The existing research on dependent task offloading and resource allocation assumes that edge servers can provide computational and communication resources free of charge. This paper proposes a two-stage resource allocation method to address this issue. In the first stage, users incentivize edge servers to provide resources. We formulate the incentive problem in this stage as a multivariate Stackelberg game, which takes into account both computational and communication resources. In addition, we also analyze the uniqueness of the Stackelberg equilibrium under information sharing conditions. Considering the privacy issues of the participants, the research is extended to scenarios without information sharing, where the multivariable game problem is modeled as a partially observable Markov decision process (POMDP). In order to obtain the optimal incentive decision in this scenario, a reinforcement learning algorithm based on the learning game is designed.

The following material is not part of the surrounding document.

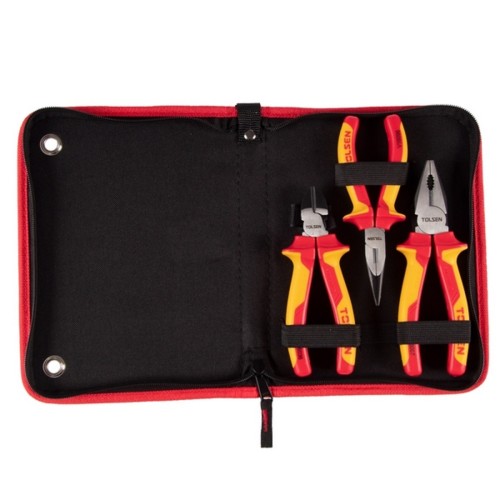 Набор электромонтажного инструмента TOLSEN TTV83103 3 пр. в футляре на молнии - изображение 2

In the second stage, we propose a greedy-based deep reinforcement learning algorithm that is aimed at minimizing task execution time by optimizing resource and task allocation strategies. Finally, the simulation results demonstrate that the algorithm designed for non-information sharing scenarios can effectively approximate the theoretical Stackelberg equilibrium, and its performance is found to be better than that of the other three benchmark methods. After the allocation of resources and sub-tasks by the greedy-based deep reinforcement learning algorithm, the execution delay of the dependent task is significantly lower than that in local processing.